▶ _WHAT TO WORK ON_:
Your answer must be an exact retyping of the line containing "NPK 48CM newborn" and every line after it through the end of the records below, with no pictures and nothing else.

··· TASK DATA ···

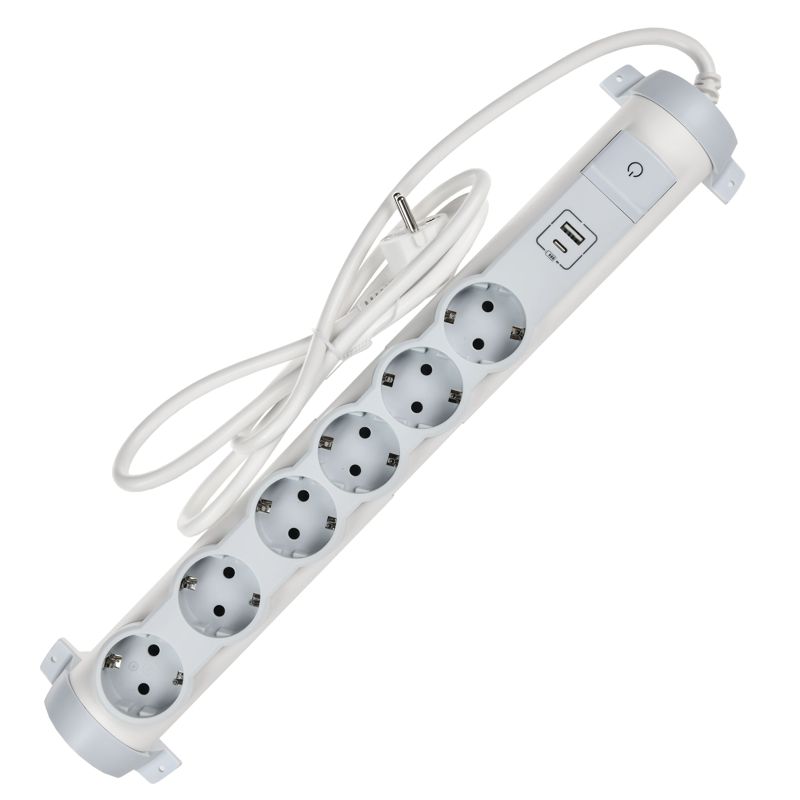 Удлинитель 6х1.5м 16А IP20 2хUSB+6х2P+E IEK 694617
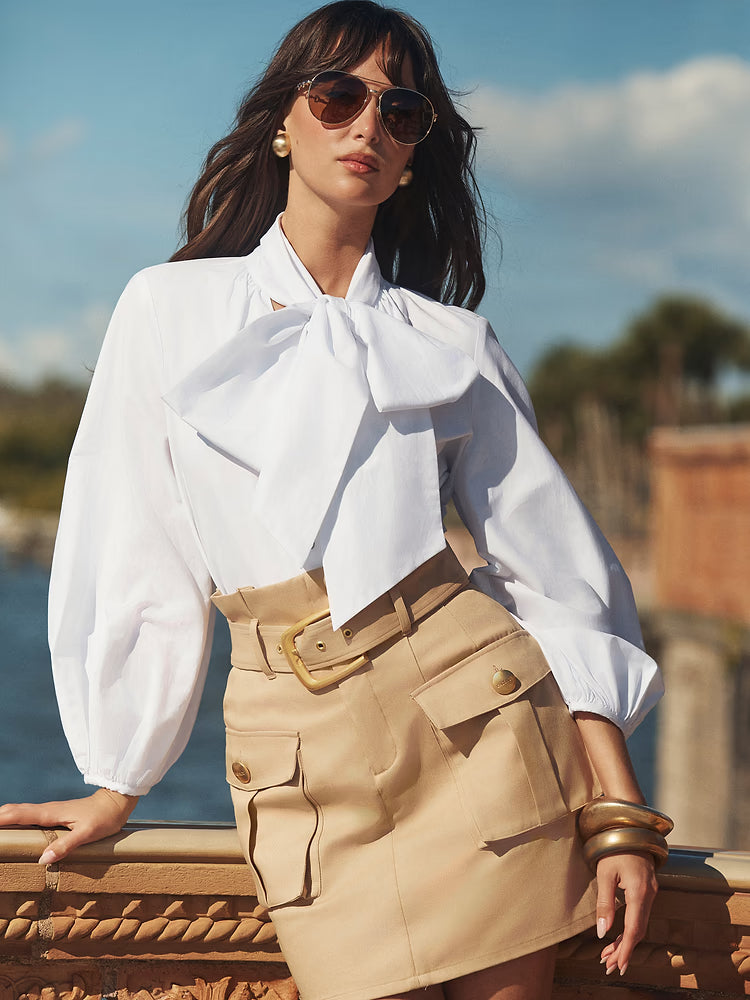 Deon Tie-Neck Blouse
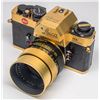 Image 1 : Oskar Barnack Centenary Camera - 24 carat gold plated, lizard skin, R3 Gold Commerative Body with 50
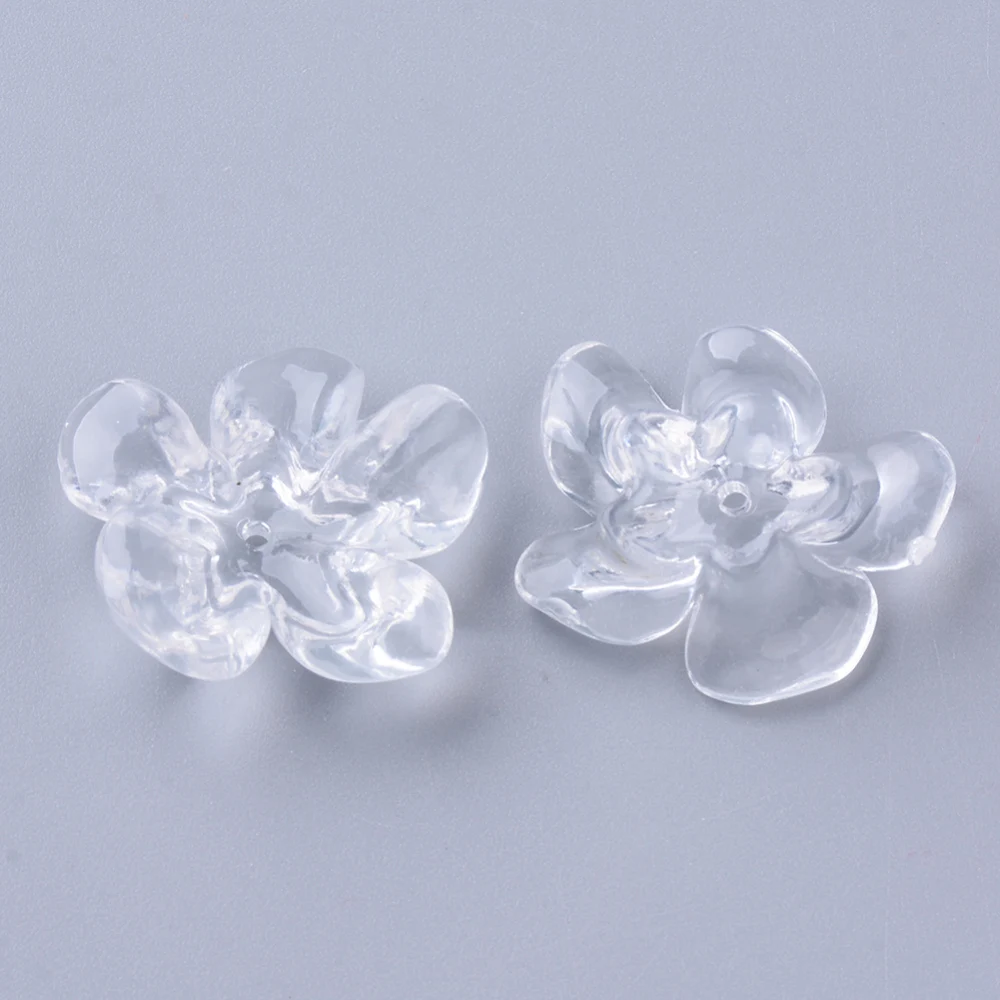 100pc Transparent Acrylic Beads Flower Clear 25~26x21x8~9mm Hole: 1.4mm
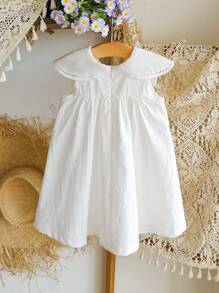 SHEIN Vintaside Kids Baby/Infant/Toddler Girls Elegant Minimalist Petals Collar Sleeveless Dress, Spring/Summer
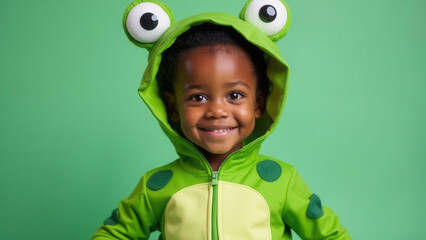 Cute child in frog costume with copy space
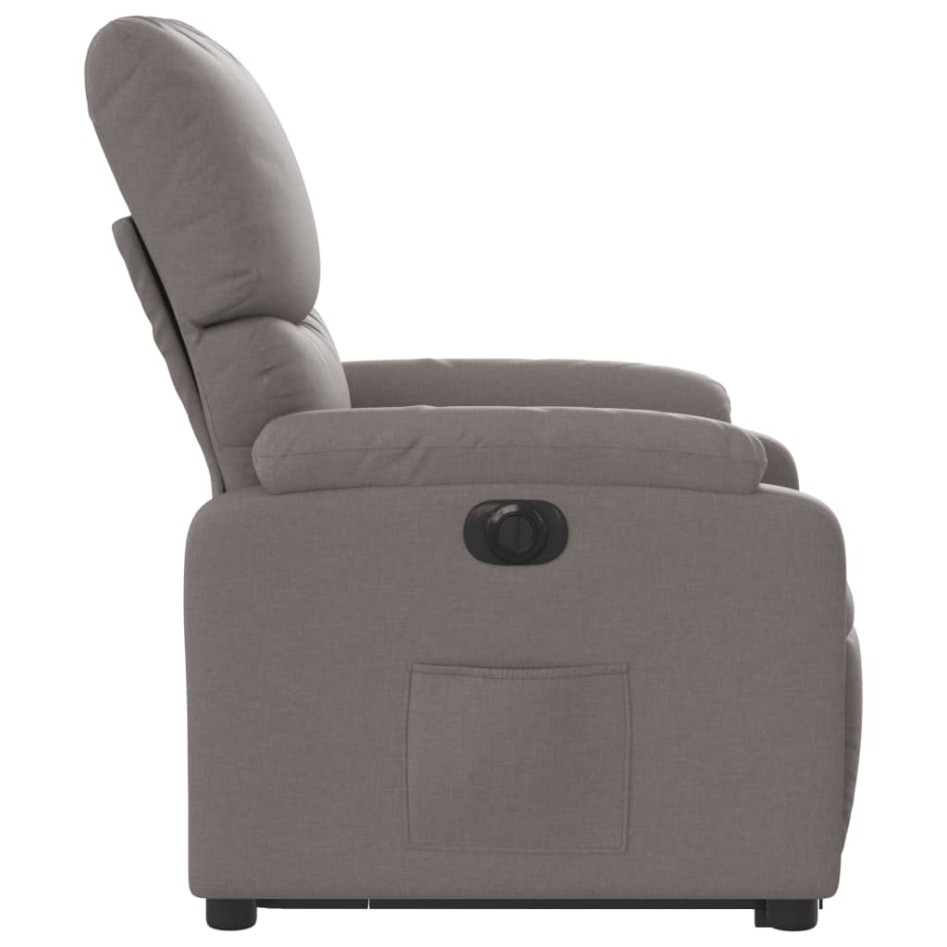 Sillón eléctrico reclinable elevable de tela gris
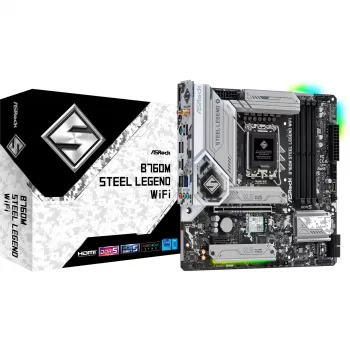 Scheda madre ASRock B760M Steel Legend WiFi — Intel B760, LGA 1700, micro ATX, DDR5, 4 DIMM, 128GB, Wi‑Fi 6E, 2.5Gb LAN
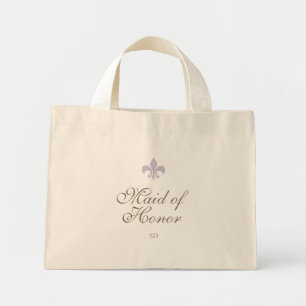 Paarse Franse Fleur de Lis Maid of Honor Initiaal Mini Tote Bag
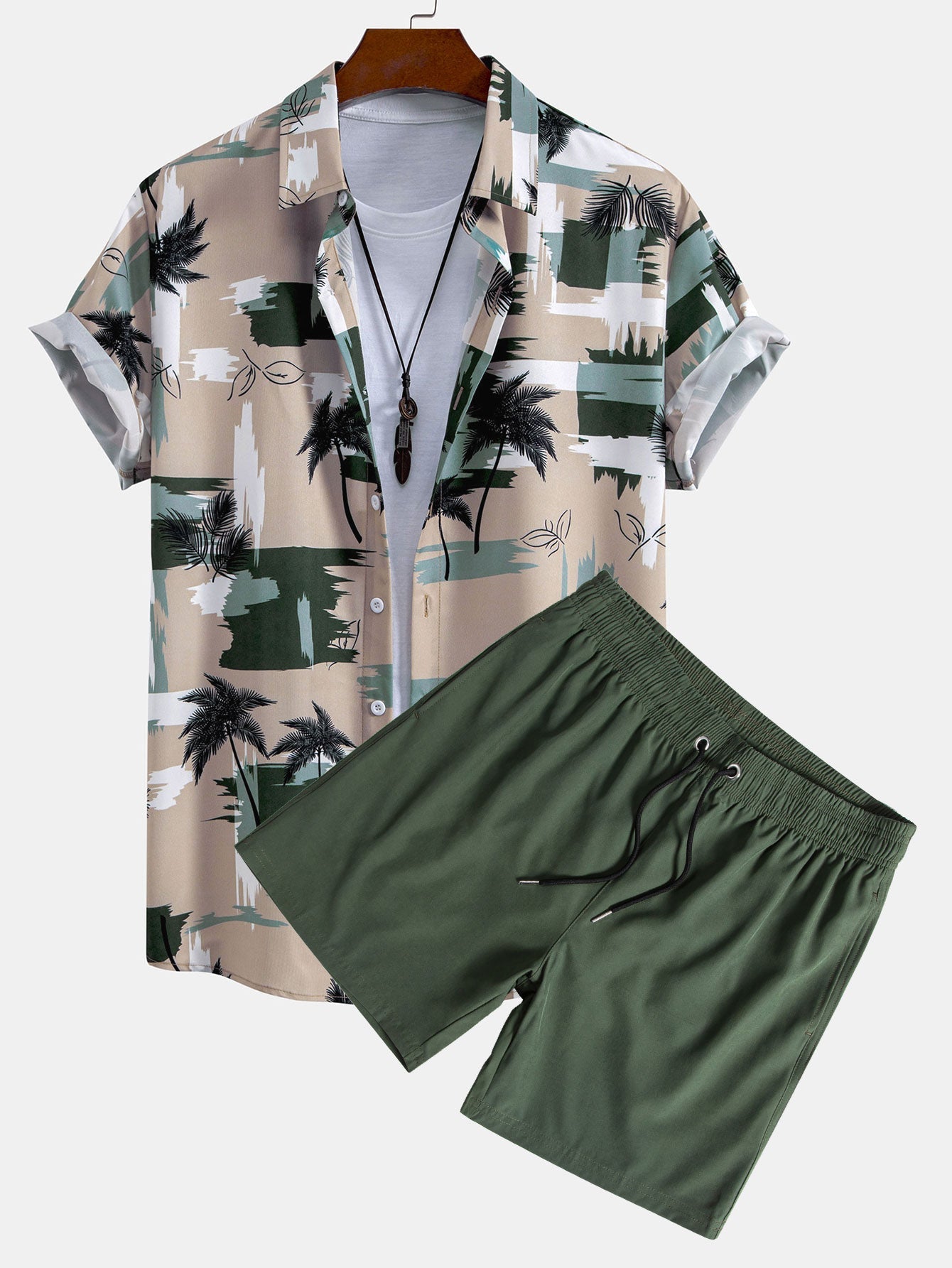 Edward® | Palm Tree Color Block Print Button Up Shirt & Swim Shorts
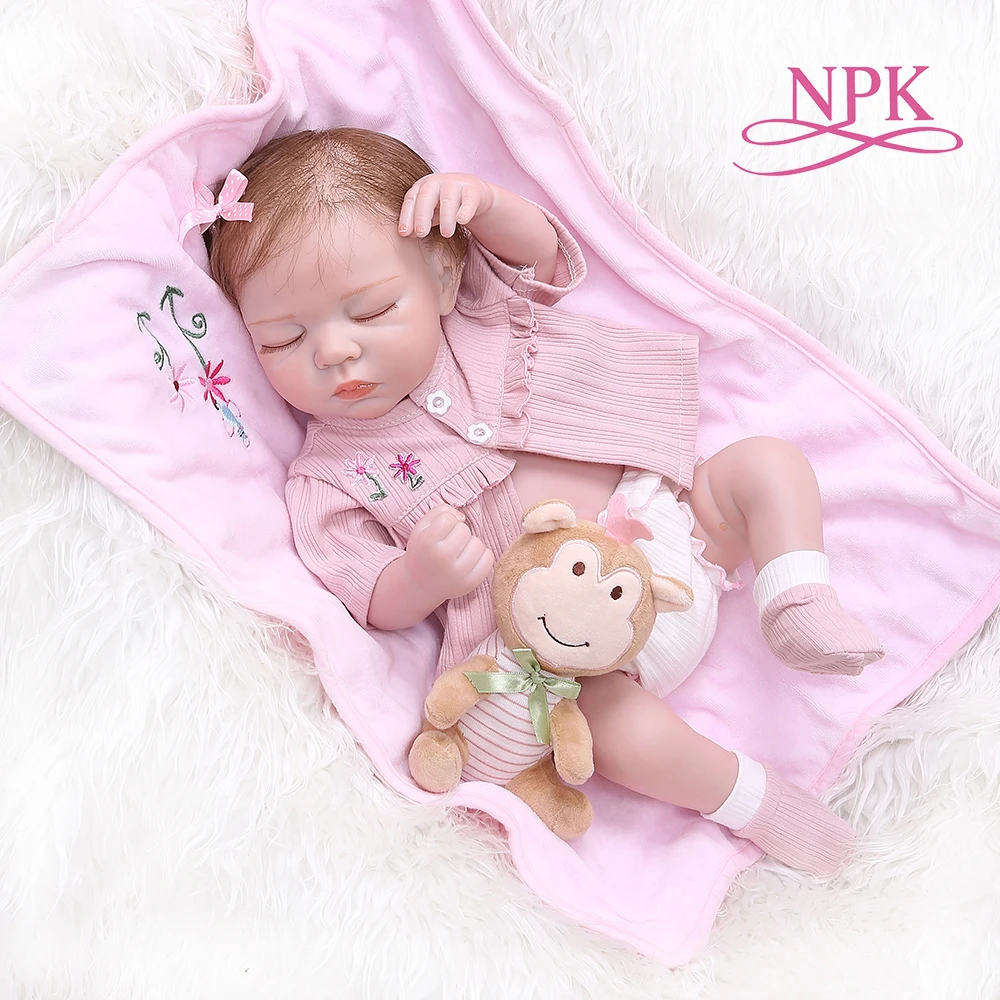 

NPK 48CM newborn bebe realistic reborn soft full body slicone lifelike sleeping baby Anatomically Correct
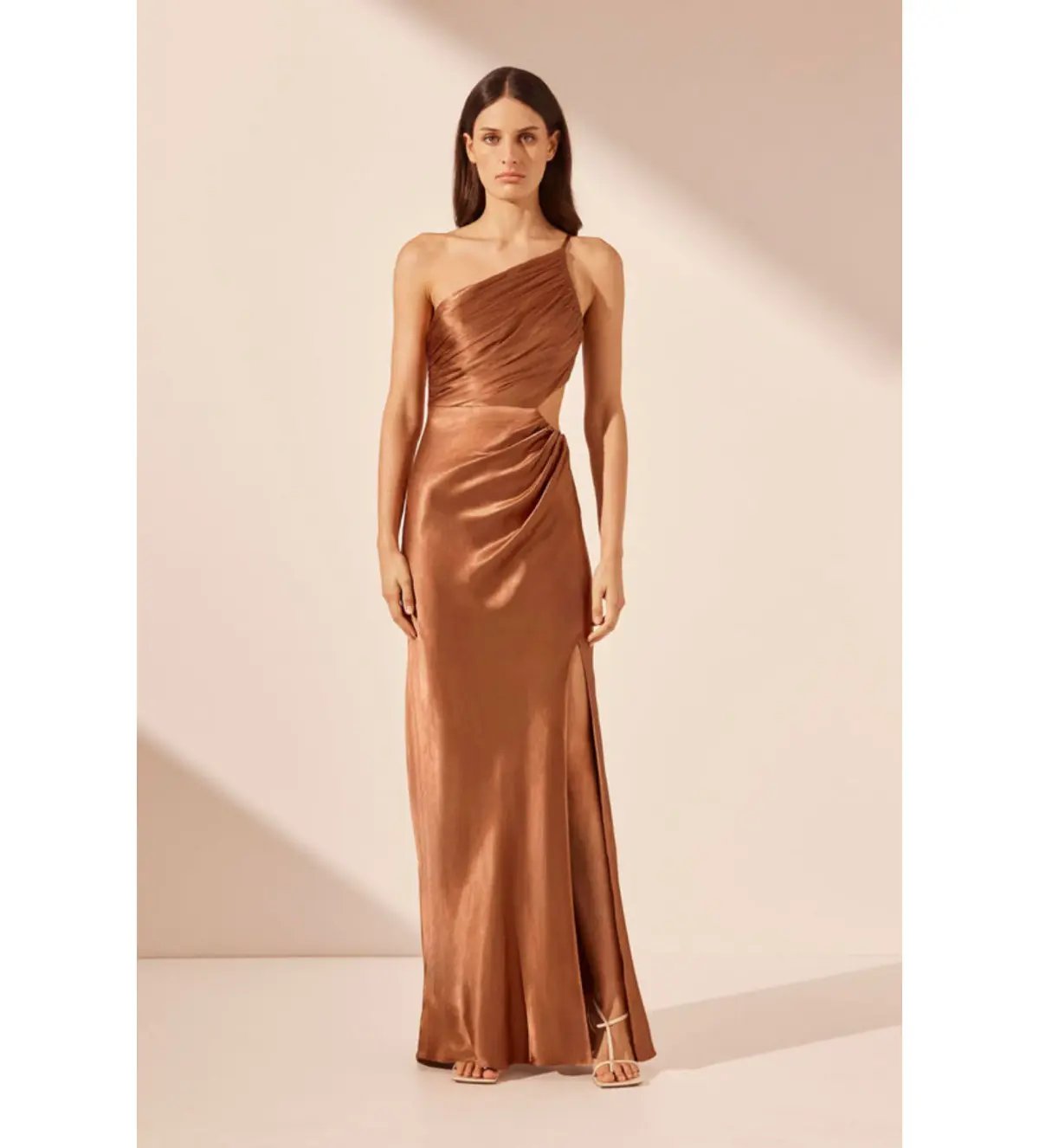 Shona Joy La Lune Asymmetrical Gathered Maxi Dress Almond Size 10 photo 3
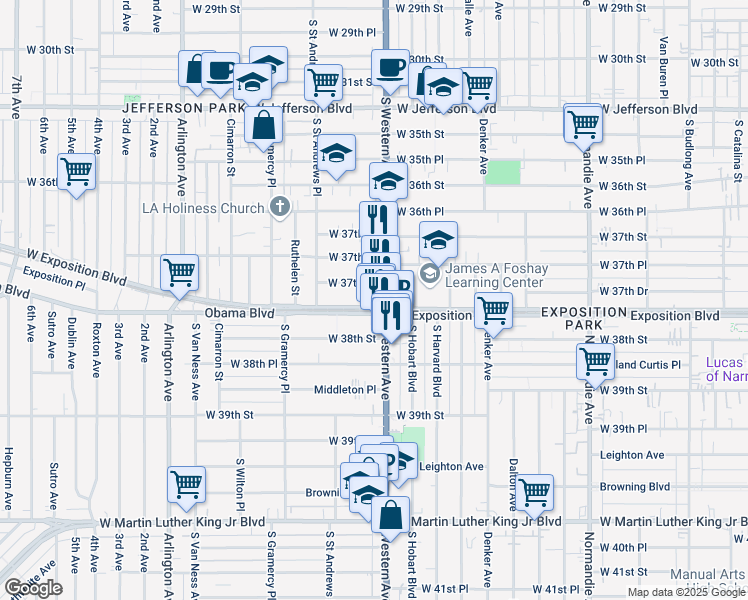 map of restaurants, bars, coffee shops, grocery stores, and more near in Los Angeles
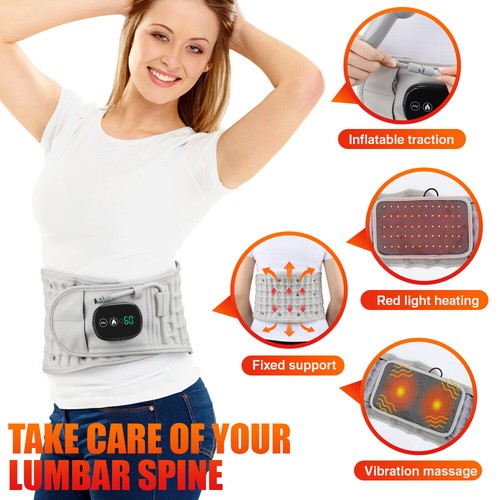 Inflatable Decompression Back Belt with Red Light Heating and Vibration Massager - Picture 2 of 24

···

▶ _SOLVED PROBLEM_:
NPK 48CM newborn bebe realistic reborn soft full body slicone lifelike sleeping baby Anatomically Correct
 Shona Joy La Lune Asymmetrical Gathered Maxi Dress Almond Size 10 photo 3
 map of restaurants, bars, coffee shops, grocery stores, and more near in Los Angeles
 Inflatable Decompression Back Belt with Red Light Heating and Vibration Massager - Picture 2 of 24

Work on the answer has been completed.